With a non-constant expression, you have the same problem, but it takes more intelligence on the part of the compiler to detect it. Specifically, the compiler has to detect that the value doesn't change between the time you initialize it and the time you pass it to new. With optimization turned on, chances are pretty good at least some compilers still could/would detect the problem, because for optimization purposes they detect data flow so they'd "realize" that in this case the value remains constant, even though you haven't specified it as const.
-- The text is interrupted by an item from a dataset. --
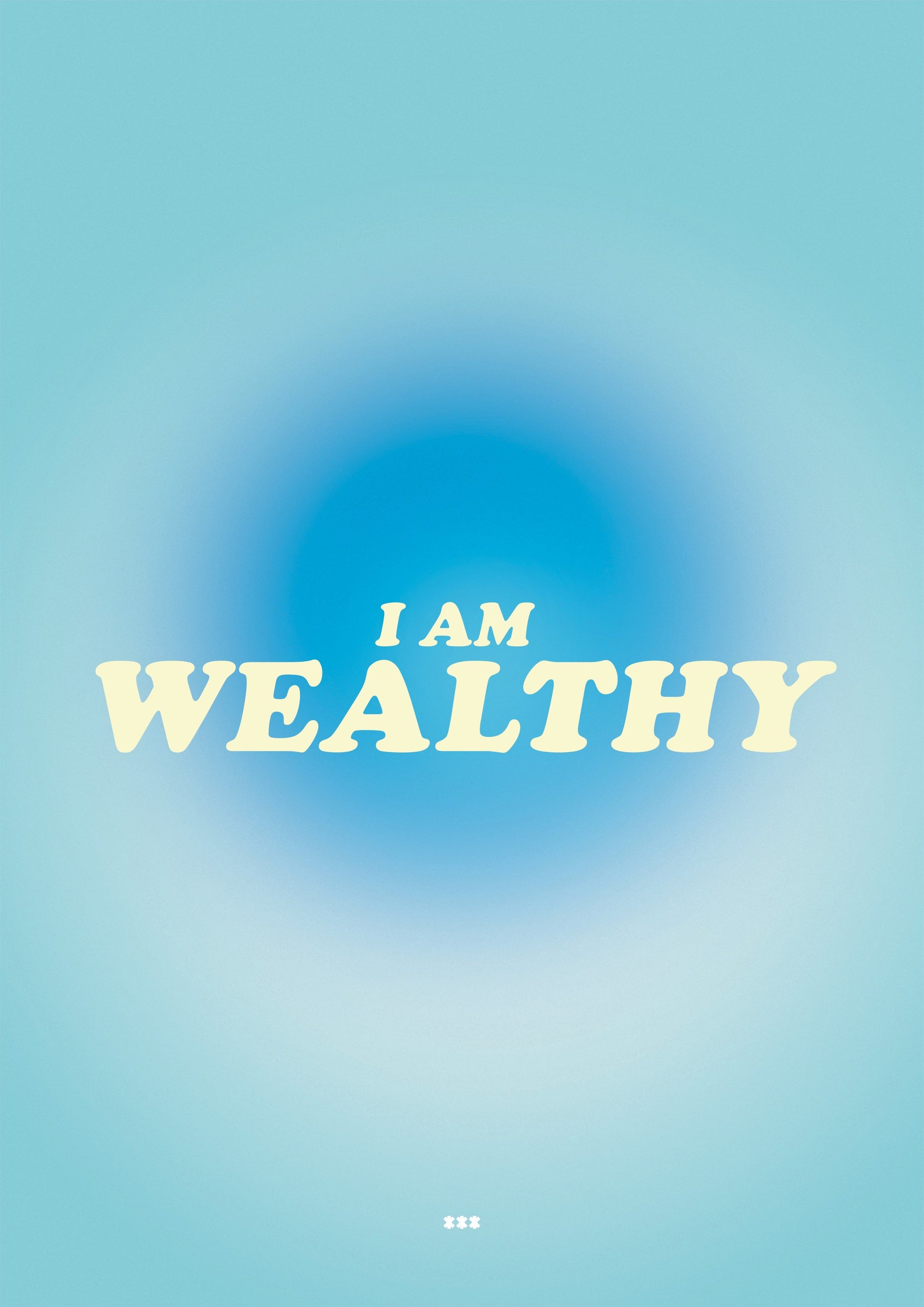 I am wealthy affirmation wall art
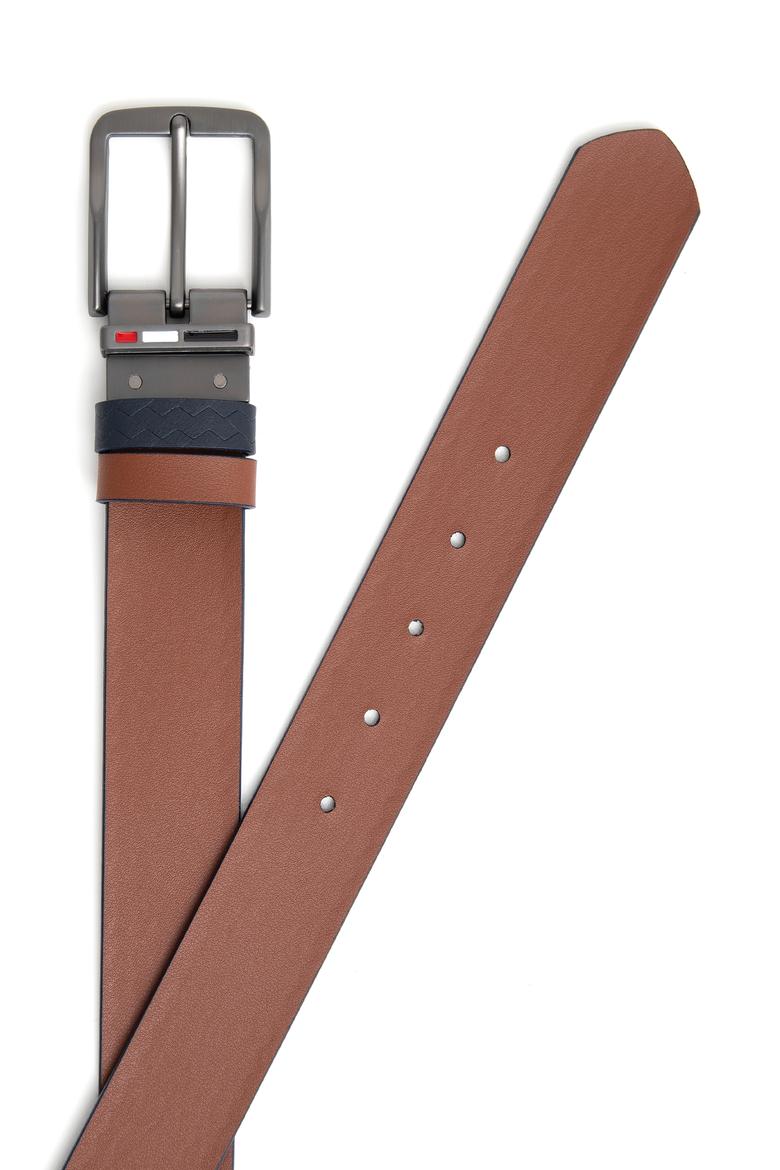 Erkek Çift Taraflı Lacivert Kemer - 50294703022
Because const int size = -2; can be replaced at compilation time by the compiler - whereas a non-const cannot - the compiler can tell that size is negative and doesn't allow the allocation.
There's no way for the compiler to tell whether int* p = new int[size]; is legal or not, if size is not const - size can be altered in the program or by a different thread. A const can't.
You'll get into undefined behavior running the first sample anyway, it's just not legal.
In the first, size is a variable whose value happens to be -2 but the compiler doesn't track it as it is a variable (at least for diagnostic purpose, I'm pretty sure the optimizing phase can track it). Execution should be problematic (I don't know if it is guarantee to have an exception or just UB).
In the second, size is a constant and thus its value is known and verified at compile time.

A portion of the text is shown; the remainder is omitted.